Confusion and uncertainty surrounded the New Zealand Company’s land purchases from the time of its first settlement at Port Nicholson (Wellington) in 1840. This contributed to violence between settlers and Māori at Wairau in 1843 and in Hutt Valley in 1846. It came as no surprise when fighting broke out in the company’s second settlement, Whanganui, in 1847. The conflict here also involved longstanding rivalries between upper and lower Whanganui River Māori.
By early 1847 Whanganui was a garrison town. The Rutland Stockade dominated the town’s landscape and its presence angered the upriver leader Tōpine Te Mamaku. In April 1847 tensions increased when a young Māori man was accidentally shot in the face by a British sailor. The murder of Mary Gilfillan and three of her children a few days later created panic in the settlement. Five of those responsible for these killings were captured by lower-river Māori and handed over to the British military. Four were executed. Te Mamaku responded with a blockade of the town. Two months of minor skirmishes followed before the blockade was lifted in July 1847.
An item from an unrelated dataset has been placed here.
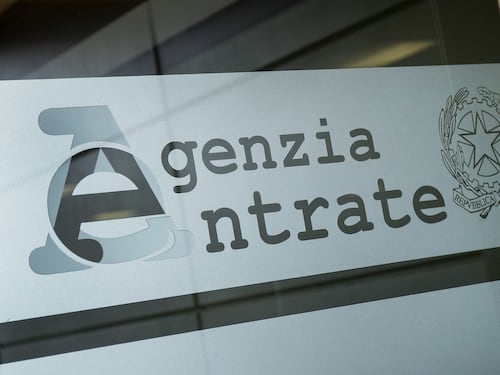 Arriva l'algoritmo per stanare gli evasori: incrocia i dati di conti correnti e bollette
Fresh fighting erupted in 1864 when lower-river Māori resisted the attempts of Pai Mārire disciples to bring the new religion to the Whanganui River. In a decisive battle fought at Moutoa Island in May, those from the lower river inflicted a heavy defeat on the Pai Mārire force. Over the next 12 months the government and its Māori allies mounted a successful campaign to crush the Pai Mārire threat in the region. The policy of land confiscation which followed contributed to the outbreak of Tītokowaru's war in 1868, when once more conflict returned to the Whanganui region.